Limitations of Linux with Kernel Debuggers
Linux was not architected to support kernel debuggers and there are
several areas of Linux which are blacked out to kernel debuggers due
to how Linux is designed. Linux uses the swapgs instruction in x86_64
mode to swap gs frames between user space and kernel space
transitions. You can set breakpoints on and around a swapgs
instruction, however, the system may crash due to how the instruction
works if you attempt to step between user space and kernel space after
this instruction has been executed up to the instruction that performs
a sysret. This is a very rare instance that typically will not be
encountered but don't try to step over a section of code with a swapgs
instruction that subsequently calls some sort of system return.
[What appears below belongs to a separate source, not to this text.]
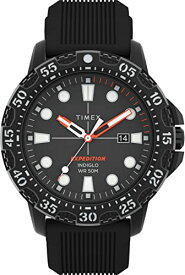 腕時計 タイメックス メンズ Timex Men's Expedition Gallatin 44mm Watch ? Black Case Black Dial with Black Silicone Strap腕時計 タイメックス メンズ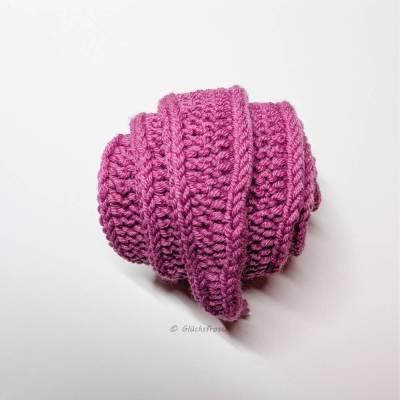 Handgestrickter Schal rosa, kurzer, schlanker, eleganter Schal, besonders weiche Wolle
On
Linux you will see something like this in the disassembly:
swapgs
rex64 sysret
Don't try to step in between these two instructions. It's safe to do
so after the sysret executes but not between them. Debugging NMI
handlers in Linux can be done but the system may not be recoverable
after you have debugged these sections of code in the NMI handlers due
to a how Linux designed it's NMI callbacks. If you want to debug linux
without many of these limitations use MDB in Direct Mode when you
compile it. Direct Mode allows MDB to take control of the debugger
hardware from the operating system and removes many of the blacked out
areas of the operating system and allows you to debug them. Direct
Mode will not help you with the swapgs instruction problem however.